Many students find it hard to cast their work in this light. I suspect this is, because most have been trained as engineers and not as scientists. The (anti-)pattern is always the same: From some practical experience, the student has a hunch about an interesting problem and then tries to cast his or her research as building a solution that solves the problem. Here is how it might be expressed in a discussion:
- I got this really cool idea for a tool and want to implement it
- From my experience, programming this way creates less bugs
- I think this workflow will make developers more effective
The assumption is that finding a solution constitutes research in itself, enough of it, so that the problem solver can be awarded the desired title. However, the only proof that their idea is worth something is in its appeal to practitioners or experts. The first person to say “I don’t believe this improves anything” can throw the student off-balance. For this reason, the work needs to framed differently. Such reframing is not hard and also follows a pattern.

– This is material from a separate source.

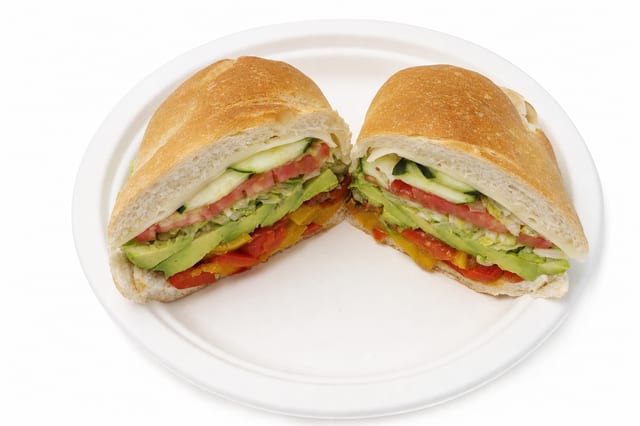 Veggie Sandwich.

For part (1) introduced earlier, ask yourself: What problem is my tool trying to solve? Then, if this is a problem, who could tell me more about it? Now switch to theory building: You explore the problem by asking others, where asking others can mean literature review, materials gathering, and interviews. Such theory building should follow a defined method or someone will claim you are making up stuff. Fortunately, there are plenty of methods to chose from, starting with simple qualitative surveys all the way to grounded theory and case study research. Pick any one, just don’t invent your own method.
For part (2), look at your theory. If you derived it well, it should already give you ideas for propositions. A good proposition or hypothesis can be answered with yes or no, lending itself to some of the “hard” validation methods like controlled experiments or hypothesis-testing surveys. If they are softer and don’t lead to a binary answer, you can probably still evaluate them continuing on with case study research, of which some researchers claim it does not only let you build theories but also evaluate them. The key insight here is, again, that you should not define your own method but use one off the shelf.
It is a supervisor’s job to help students frame their thoughts in such a way that they fit the structure described above and generate useful (and publishable!) research.